I found out later that they had complained to the resident director that I had punched the girl. She told them that I had always said I wouldn't do it and hadn't and that if they were physically moving me out of my bed, she wouldn't punish me for the punch. They were still annoying for a while.
The male birthday ritual: Wake him up on his birthday, drive him to SeaTac and leave him in the terminal in his skivvies, to get home on his own.
The engagement ritual: Both parties were carried to a canal on the property and thrown in.
(This punch is the second of three on my "eights" -- 8 years old, 18 years old, and 28 years old. When I was 38 and 48 years old, I was disabled and retired. I'm not sure that's it's that I got sick so much as that abuse and hazing has become less common.)
Apologies to Jim for hijacking his thread. It crawled into my hand, honest.
Lee @ 35:
If self-mutilation of any type is mandatory for belonging to the organization, it's wrong. If it's voluntary, then it's up to the individuals involved whether or not they want to do it.
Belonging itself is voluntary, isn't it? So I'm not sure I see the distinction.
I am deeply suspicious of the concept of "a shared ordeal in social group formation" precisely because it is so easily and frequently subject to abuse... and also because it leads so very easily to an equally-abusable "us vs. them" mentality, wherein anyone who is not a Member of the Club is viewed as somewhat less than fully human.

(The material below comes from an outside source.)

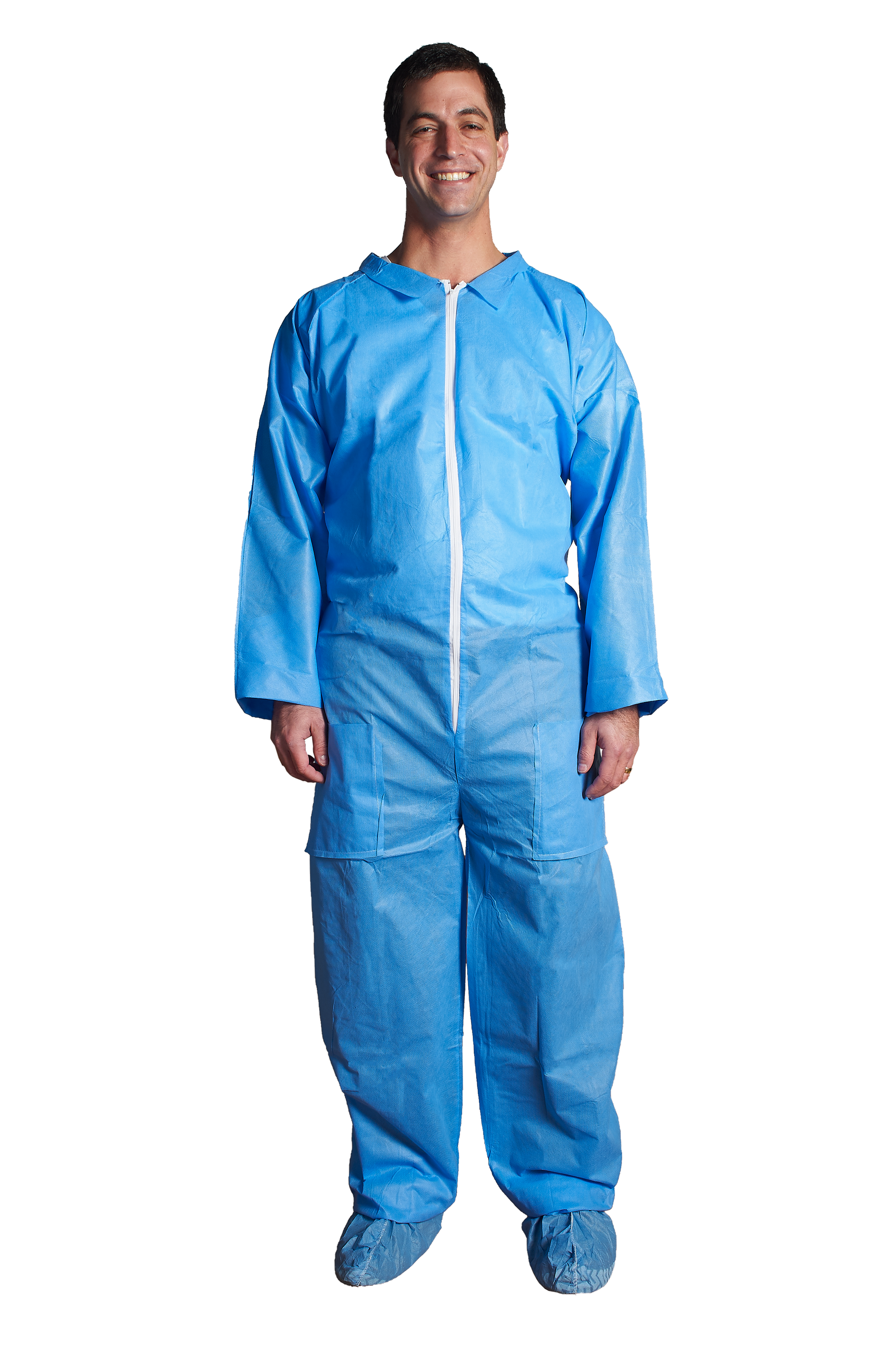 Coverall, 3X-Large, Blue, Open Ankle & Cuff, Traditional Collar, Zipper Front, sbpp, 5/bg, 10 bg/cs (DROP SHIP ONLY)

My thought is those abusive potentials are part of group dynamics, period.
I will also admit to having a gut-deep reaction of "appalled" to your statement that you found hazing to be enjoyable.
Freshman initiation barely qualified as hazing: Wear the beanie, sing the school song on demand, walk on sidewalks and not the grass, and, at worst, being tossed in the school lake. I enjoyed it enough that I volunteered to be a freshman again the next year.
Why did I enjoy it? I'd always been very much an outsider in school. Not hated or shunned, just not part of the crowd. Here, for a very small amount of effort and silliness, I was taken into the group. That felt good, very good, and was cheap at the price.
What practical purpose does frat hazing serve, beyond "I had to do it, so now they have to do it too"?
Up in Fayetteville, where all the kids of the state's rich scum rise, the white fraternities are the primary place where the next generation of powermongers socialize and learn class solidarity, against we common people, of course.
From my point of view, that's like practicing up for genocide. From their point of view, that's valuable. I see (but do not share) their point: If I'd wanted to be a bond daddy, I'd've done my damnedest to pledge a fraternity.
Xopher @ 36:
A shared ordeal is one thing, but to voluntarily seek one out?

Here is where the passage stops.